**** Records to process ****
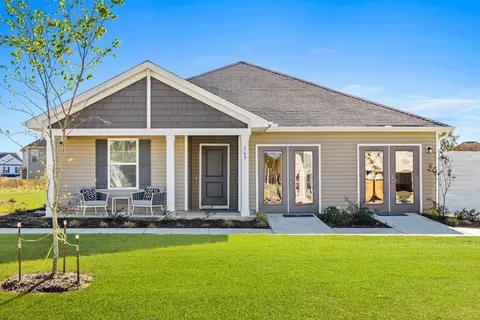 Exterior - Gregory Meadows Community, Richlands, NC 28574 photo 2 of 8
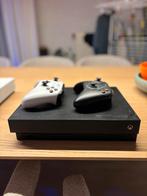 Xbox one X, Games en Spelcomputers, Ophalen of Verzenden, Zo goed als nieuw, Xbox One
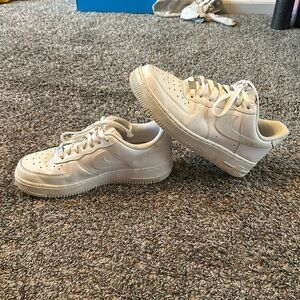 Women’s Air Force 1s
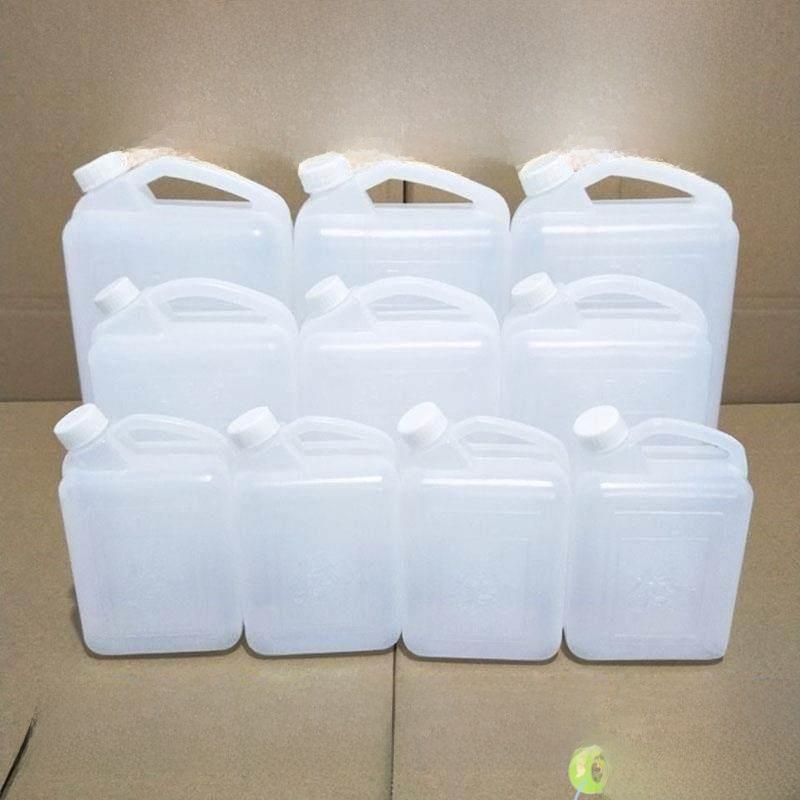 Food Grade Pet Plastic Oil Bot - Food Storage Brands ulasan dan harga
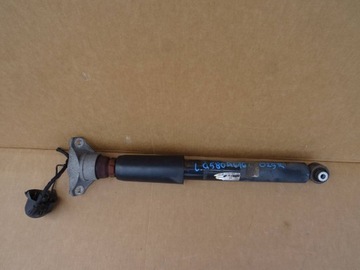 Audi q5 sq5 амортизатор левый зад 80a616025r фото №1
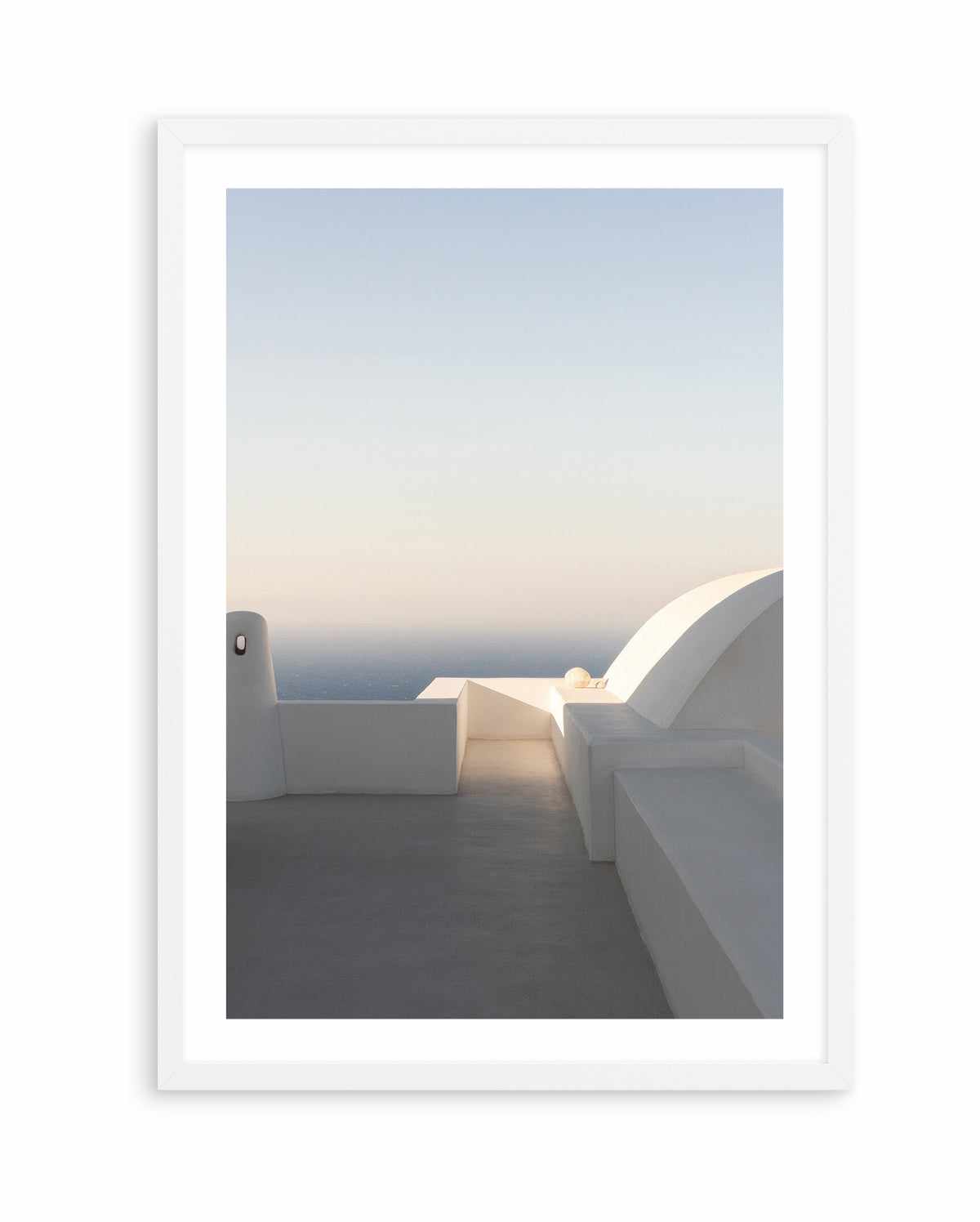 Views By Minorstep | Art Print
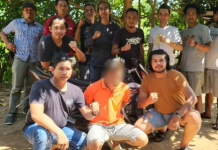 Pelaku Pencabulan Anak di Landasan Ulin Dibekuk di Pulang Pisau Kalteng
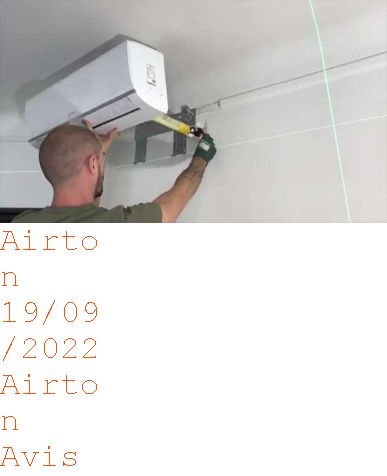 airton home assistant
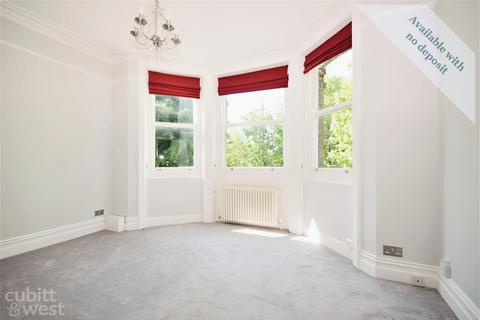 2 bedroom apartment to rent, Cromwell Road Hove BN3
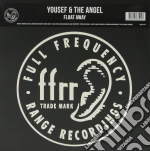 Yousef And The Angel - Float Away (12') cd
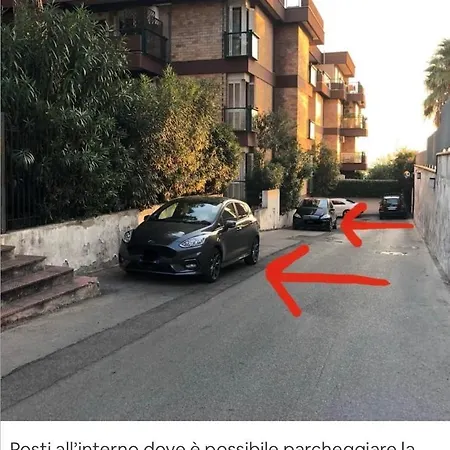 La Del Mare *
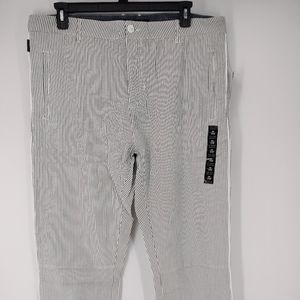 NWT Sean John Jogger Pant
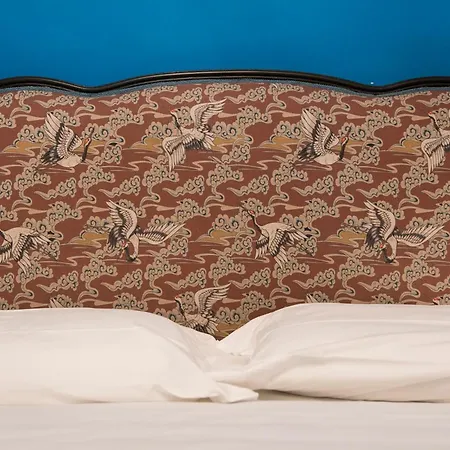 Pensionat Colosseum B 3*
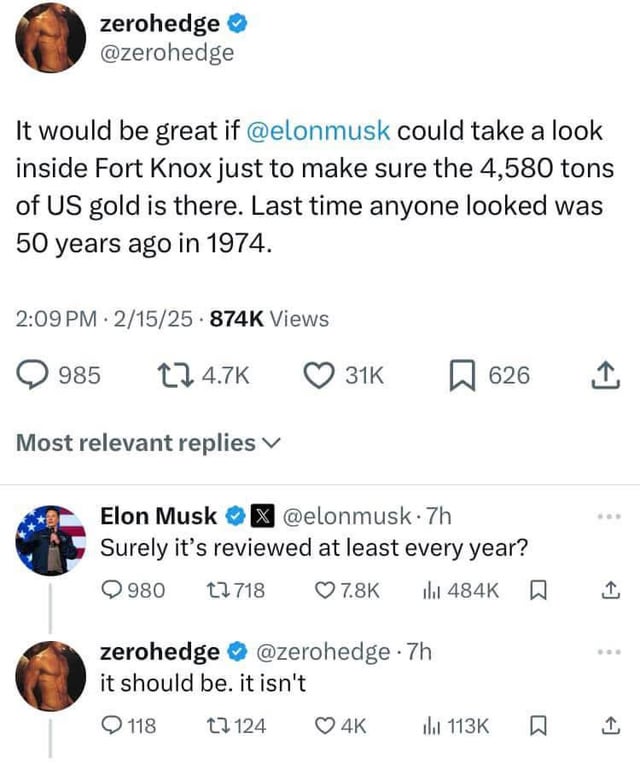 The Gold standard helped prevent government from overspending & getting us into forever wars. : r/austrian_economics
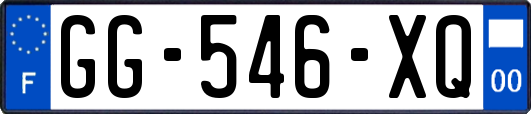 GG-546-XQ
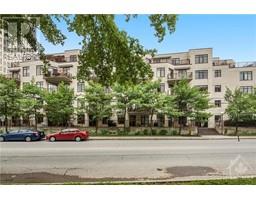 369 NORTH RIVER ROAD UNIT#PH-A, ottawa, Ontario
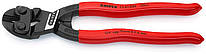 KNIPEX 71 41 200 KNIPEX CoBolt® компактний болторіз, зігнутий під кутом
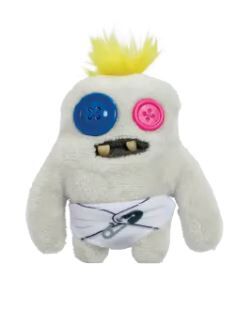 FG73945  BABYFUGG S3- SABQUOOSH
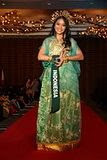 miss earth 2011 national costume competition indonesia inez elodhia maharani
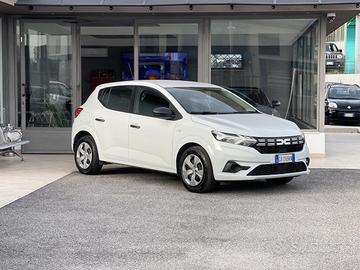 Dacia Sandero 1.0 Benzina 65CV E6 Neo - 2024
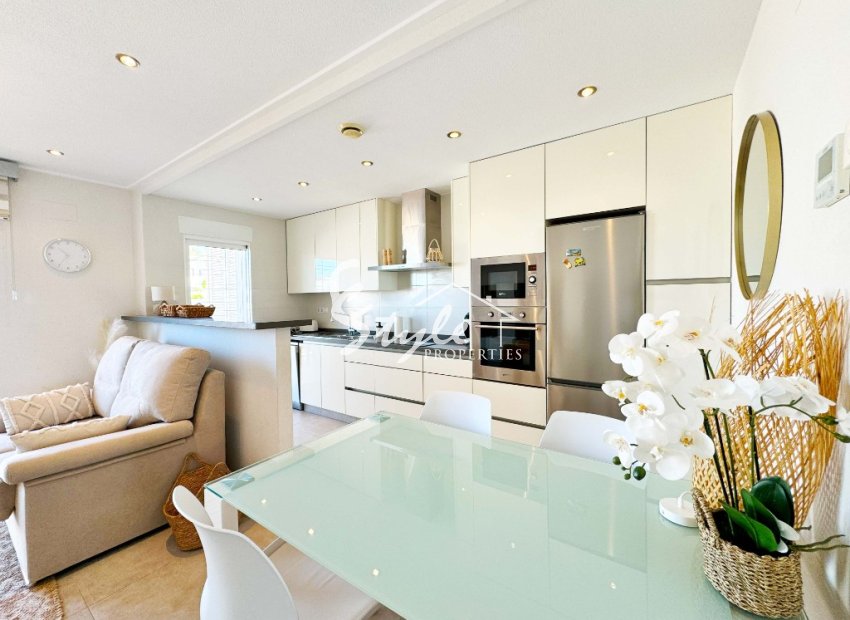 Short Term Rentals - Apartamento - Punta Prima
****
Task details:
Although the entries contain pictures, reproduce only the rest, exactly as written.

Output:
 Exterior - Gregory Meadows Community, Richlands, NC 28574 photo 2 of 8
 Xbox one X, Games en Spelcomputers, Ophalen of Verzenden, Zo goed als nieuw, Xbox One
 Women’s Air Force 1s
 Food Grade Pet Plastic Oil Bot - Food Storage Brands ulasan dan harga
 Audi q5 sq5 амортизатор левый зад 80a616025r фото №1
 Views By Minorstep | Art Print
 Pelaku Pencabulan Anak di Landasan Ulin Dibekuk di Pulang Pisau Kalteng
 airton home assistant
 2 bedroom apartment to rent, Cromwell Road Hove BN3
 Yousef And The Angel - Float Away (12') cd
 La Del Mare *
 NWT Sean John Jogger Pant
 Pensionat Colosseum B 3*
 The Gold standard helped prevent government from overspending & getting us into forever wars. : r/austrian_economics
 GG-546-XQ
 369 NORTH RIVER ROAD UNIT#PH-A, ottawa, Ontario
 KNIPEX 71 41 200 KNIPEX CoBolt® компактний болторіз, зігнутий під кутом
 FG73945  BABYFUGG S3- SABQUOOSH
 miss earth 2011 national costume competition indonesia inez elodhia maharani
 Dacia Sandero 1.0 Benzina 65CV E6 Neo - 2024
 Short Term Rentals - Apartamento - Punta Prima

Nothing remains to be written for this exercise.